Gasoline prices spike

You’d think one advantage of electing a Texas oil guy as president would be that, when prices at the pump react to a genuinely massive supply disruption as supply and demand predict they will, he’d know better than to direct public anger toward the ill-defined offense of “price gouging”. Apparently you’d be wrong, though:

“I think there ought to be zero tolerance of people breaking the law during an emergency such as this -– whether it be looting, or price gouging at the gasoline pump, or taking advantage of charitable giving or insurance fraud,” Bush said. “And I’ve made that clear to our attorney general. The citizens ought to be working together.”

(Adam Nossiter, “More National Guardsmen are sent in”, AP/San Diego Union-Tribune, Sept. 1). More: Mark Kleiman got there first (Sept. 1)(via Julian Sanchez). See also Dan Mitchell of Heritage at C-Log (Aug. 31). And Don Boudreaux, after thanking Hawaiian pols, wonders (Aug. 29):

Would it make sense to haul before Congress a group of real-estate agents, or a few homeowners, or some home-builders to accuse them publicly of causing the recent surge in real-estate prices?

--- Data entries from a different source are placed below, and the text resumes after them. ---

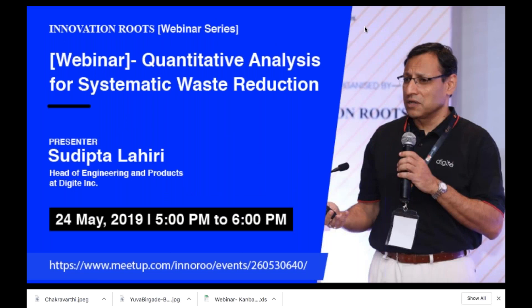Hello everybody, welcome to Innovation Routes webinar series. I'm Prashant Angele, consultant with Innovation Routes. Today we have Sujipta Lahiri, head of engineering and products at Digitech. He'll be talking about quantitative analysis for systematic waste reduction.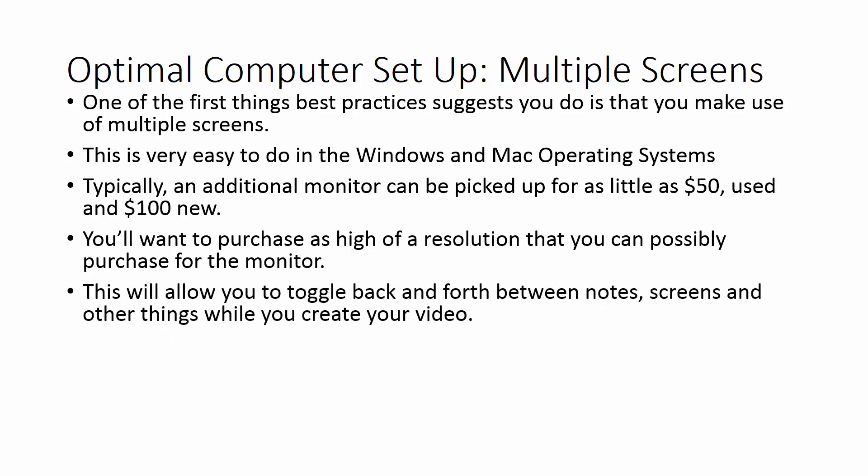Here's what multiple screens do. They allow you to toggle back and forth between notes and screens and other things that will help you to create your video.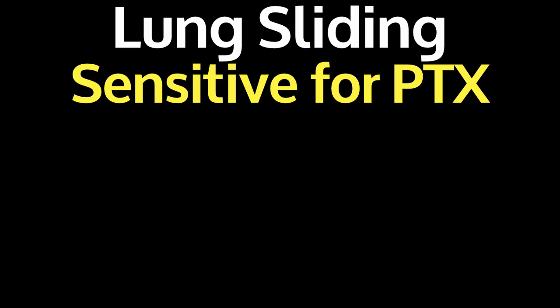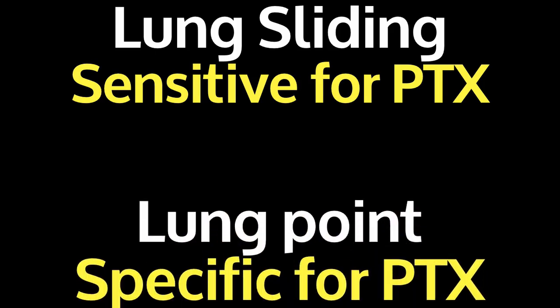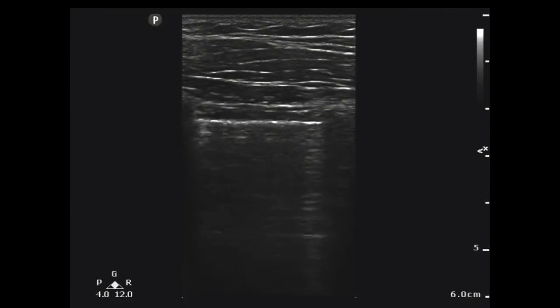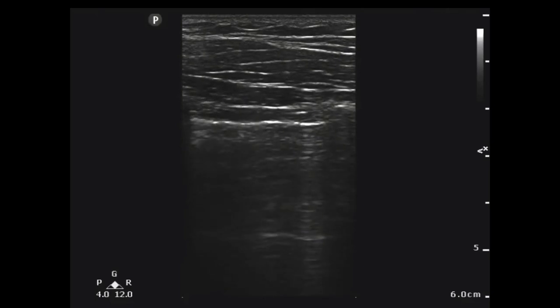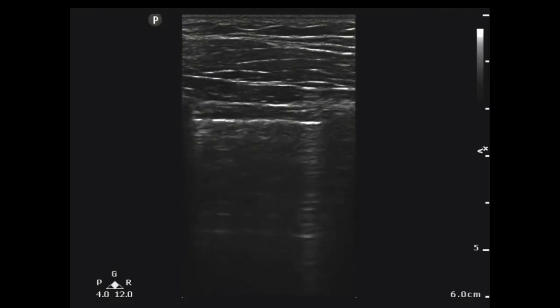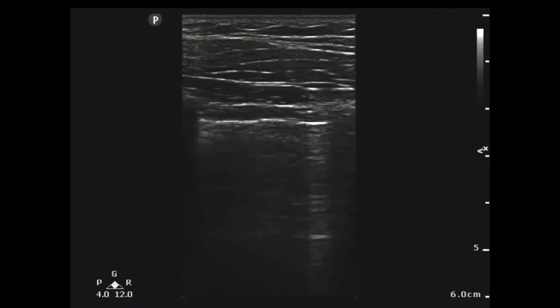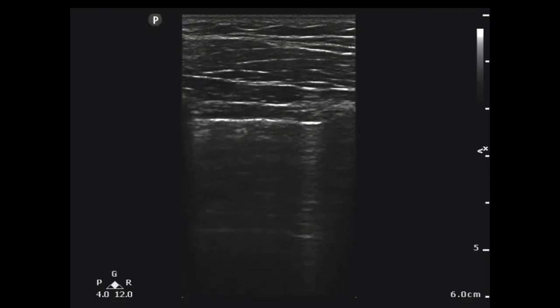There is, however, an ultrasound finding that has been thought to be very specific for a pneumothorax, and that's something called a lung point. This is what a lung point looks like. Notice on the left side of the screen, you actually see lung sliding — that white line is moving back and forth, left to right on the screen. However, on the right side of the screen, you just see that white line by itself without any movement at all. This is a lung point, and this is thought to be very specific for a pneumothorax.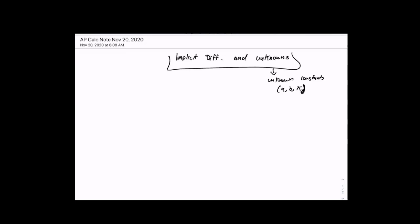It should be noted that for every unknown, we need a relationship between x and y. Typically that relationship is the implicit function itself. Sometimes the implicit function isn't even given and the relationship is actually the derivative. The derivative is a relationship between x, y, and the derivative, so there's usually some information about the derivative we know, as we will see.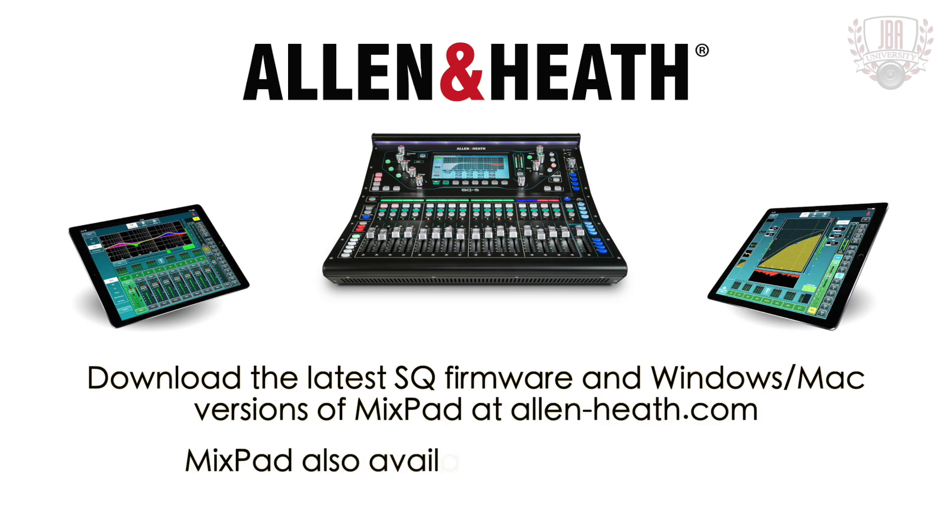Hey everyone, I'm Enrico from John B. Anthony Company here with another video on the SQ Mixpad software from Allen & Heath. Today we're going to be talking about the I.O. Patch tab.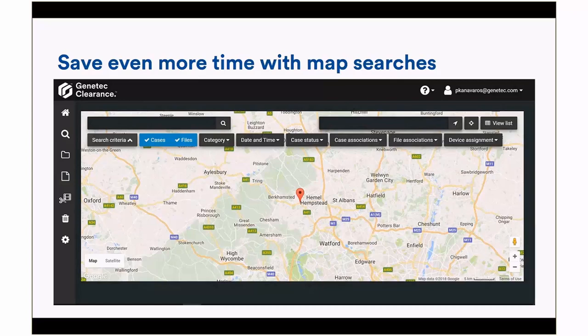It's a powerful tool to interrogate the information you have, identify patterns, and understand where your cases are concentrated and what types of incidents you're dealing with.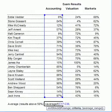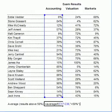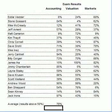In this case we want the average for all the results above 50%. We type above 50%, close the bracket, and press ENTER. The average for all the results above 50% is 78%.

Yet more, this time from Jane Galt (Sept. 1): “Prices of everything rise after a disaster, and a good thing too, since that encourages people and material to flood into the damaged area, where they’re needed most.”

“Law Firm Sanctioned for Forest Service Suit”

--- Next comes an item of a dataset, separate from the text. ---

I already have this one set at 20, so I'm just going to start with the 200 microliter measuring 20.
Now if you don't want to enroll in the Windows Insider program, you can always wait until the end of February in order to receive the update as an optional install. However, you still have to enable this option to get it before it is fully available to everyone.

Criticize a developer, get sued for racketeering: “A Los Angeles federal judge on Monday ordered a large law firm and two of its attorneys to pay $267,000 in sanctions for filing a ‘frivolous lawsuit’ against a community activist and three Forest Service employees who opposed a luxury condominium development on Big Bear Lake.” Lawyers from the San Diego office of Foley & Lardner, acting on behalf of developer Irving Okovita, had filed a racketeering lawsuit against Sandy Steers, executive director of the Friends of Fawnskin, and two Forest Service employees who had fought the developer’s Marina Point project, which they said would disrupt bald eagle habitat. U.S. District Judge Manuel Real threw out the suit and issued the sanctions, which Foley & Lardner says it will appeal. (Henry Weinstein, Los Angeles Times, Aug. 16; “Judge rules law firm must pay $267,000 for ‘frivolous’ lawsuit”, AP/CourtTV, Aug. 16)(more background).